A large shrub that grows to potentially to 5 metres high by 5 metres wide. This cultivar is reported to be a hybrid between Grevillea longifolia and Grevillea caleyi, two coastal NSW species that are both rare and threatened respectively.
It has quite unique leaves, up to 10 cm long and 3 cm wide, with regular teeth-like segments which are to 2 cm long and about 0.5 cm wide. The overall leaves are prickly with sharp points.
A grevillea inflorescence is technically a cluster of paired flowers, termed a conflorescence with the overall structure forming a raceme-like appearance.
Grevillea species exhibit 3 main inflorescence structures:
1. A cylindrical to ovoid raceme (with flowers emerging around a 360° radius)
2. A single-sided raceme (with flowers produced on only one side, resembling a tooth-brush)
3. A condensed or clustered raceme (usually as long as it is wide, with species referred to as the spider-flowers)
Grevillea mostly produce the inflorescences at the terminals, beyond the foliage, which differs to the closely related Hakea.
This cultivar has toothbrush inflorescences (like its parents) to about 6 cm long by 3 cm wide. They are pink-red and can be produced profusely, mainly in winter-spring and into summer.

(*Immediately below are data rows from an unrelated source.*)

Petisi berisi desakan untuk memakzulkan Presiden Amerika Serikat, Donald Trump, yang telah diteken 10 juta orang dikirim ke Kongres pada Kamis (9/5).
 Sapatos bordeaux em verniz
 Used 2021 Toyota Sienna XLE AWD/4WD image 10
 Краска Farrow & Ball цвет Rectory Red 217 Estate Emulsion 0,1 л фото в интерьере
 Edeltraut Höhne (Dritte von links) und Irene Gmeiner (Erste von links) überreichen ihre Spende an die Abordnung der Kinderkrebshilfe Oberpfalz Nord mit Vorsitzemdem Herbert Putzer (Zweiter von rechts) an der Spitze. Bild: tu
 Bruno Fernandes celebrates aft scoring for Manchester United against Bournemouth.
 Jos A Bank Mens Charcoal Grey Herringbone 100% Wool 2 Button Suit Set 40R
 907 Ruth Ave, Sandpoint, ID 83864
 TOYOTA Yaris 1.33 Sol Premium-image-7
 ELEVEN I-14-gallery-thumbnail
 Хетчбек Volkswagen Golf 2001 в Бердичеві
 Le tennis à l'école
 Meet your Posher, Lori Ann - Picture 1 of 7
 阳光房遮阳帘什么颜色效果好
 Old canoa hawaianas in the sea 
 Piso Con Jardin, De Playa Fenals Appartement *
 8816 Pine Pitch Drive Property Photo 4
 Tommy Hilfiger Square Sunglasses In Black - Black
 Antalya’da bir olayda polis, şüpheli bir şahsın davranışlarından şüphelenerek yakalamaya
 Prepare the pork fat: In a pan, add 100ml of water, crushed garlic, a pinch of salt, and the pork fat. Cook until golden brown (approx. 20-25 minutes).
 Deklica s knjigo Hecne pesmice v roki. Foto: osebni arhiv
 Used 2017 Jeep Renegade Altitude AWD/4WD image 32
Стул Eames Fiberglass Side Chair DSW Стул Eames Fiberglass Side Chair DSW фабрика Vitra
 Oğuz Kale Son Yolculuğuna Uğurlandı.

Individual flowers are composed of 1 carpel (female part) where the style and stigma protrude out; 4 stamens hidden away in the perianth; and the perianth (petals and sepals collectively) which connects to a pedicel. Proteaceae flowers do not have any discernible petals or sepals (having only one whorl) and so these are referred to as “tepals” of which there are 4. The carpels are to 40 mm long, pink-red with yellow-tips. The perianths are deep pink-red.
This cultivar has been in use for a considerable time and has proved popular.
A very attractive plant for a garden situation with an adequately-drained soil and full sun to part shade.
It is reportedly a very hardy shrub on a range of soil types. Can tolerate regular pruning and works well as a screen plant.
It can cope without supplementary watering, although plants will flower much more heavily if watered. Also somewhat frost tolerant and can cope with periodically wet soils.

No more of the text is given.